Neuer Höchststand bei aktiven Fällen im Ostalbkreis – So viele Infizierte wie noch nie

Redakteur / Regio-Onliner Ostalb

Die Infektionszahlen im Ostalbkreis haben am Dienstag einen neuen Höchststand erreicht. Das geht aus den auf dem Dashboard dargestellten Daten des Vortags bis 24 Uhr auf der Webseite des Landratsamts hervor.
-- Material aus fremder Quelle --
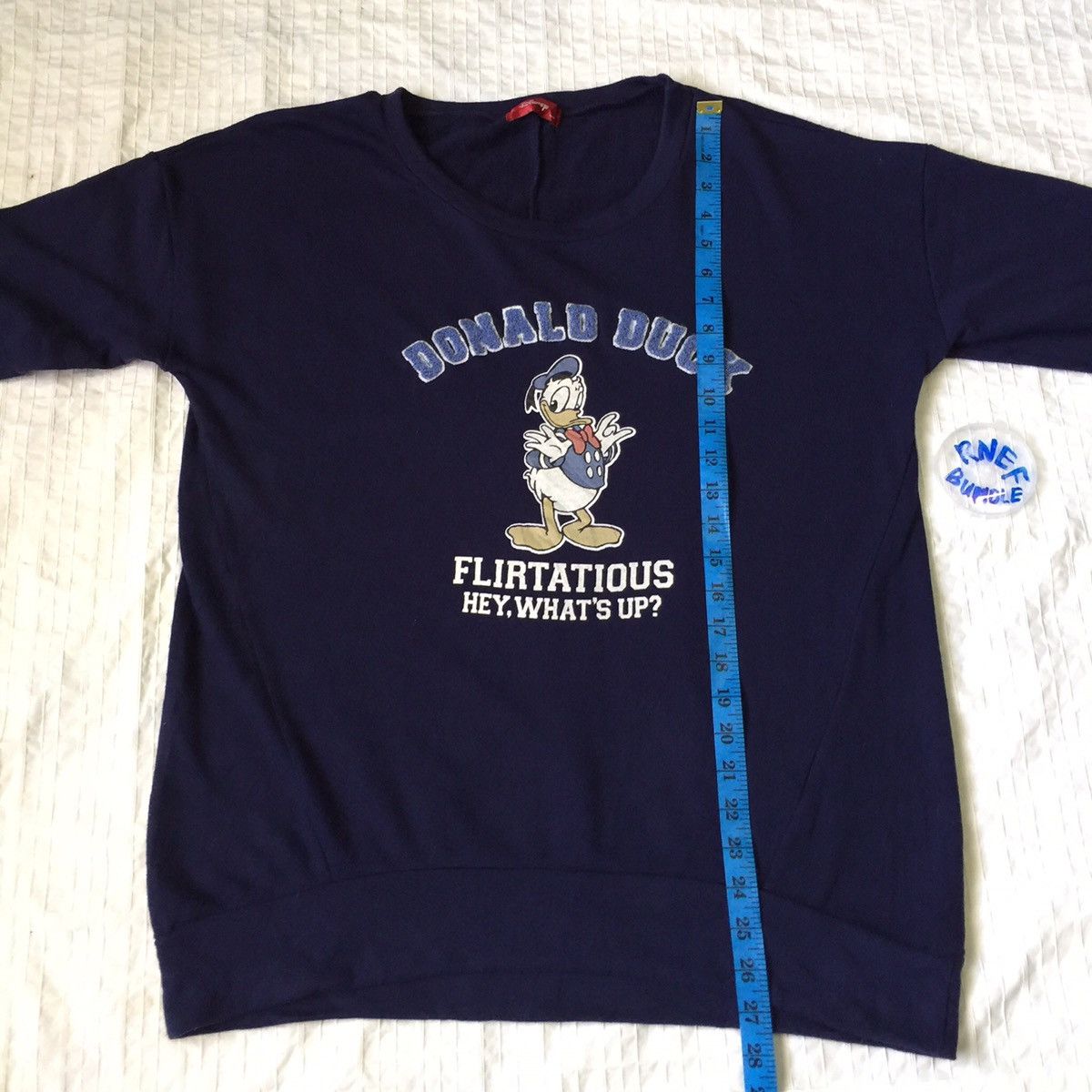 Cartoon Network Rare Disney Donald Duck Sweatshirt Big Logo Nice Design Size US L / EU 52-54 / 3 - 16 Thumbnail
Mit 1200 aktiven Fällen übersteigt der Wert den bisherigen Höchststand vom 19. November 2020 (1184).

Wie das Landesgesundheitsamt im aktuellen Lagebericht vom Mittwoch berichtet, wurden im Ostalbkreis 129 Neuinfektionen registriert, 4813 im gesamten Land. 12.576 Positivfälle hat es mittlerweile seit Pandemiebeginn im Kreis gegeben, der erste wurde am 3. März des vergangenen Jahres registriert. 675 Menschen haben sich im Kreisgebiet in der vergangenen Woche mit Sars-CoV-2 infiziert.

Der Sieben-Tage-Inzidenzwert liegt aktuell bei 215 und somit weiterhin oberhalb der Grenze. Zudem hat es drei weitere Todesfälle im Zusammenhang mit dem Virus gegeben. 322 Menschen sind an oder mit Covid-19 gestorben. Damit wurden im Ostalbkreis sowie im Stadtkreis Pforzheim (ebenfalls drei) aktuell die meisten Toten im Land registriert. In Aalen steigen außerdem die aktiven Fälle weiter an. 361 waren es laut Kreisverwaltung am Dienstag, 32 mehr im Vergleich zum Montag. In Ellwangen sind derzeit 119 Menschen infiziert, in Schwäbisch Gmünd 152.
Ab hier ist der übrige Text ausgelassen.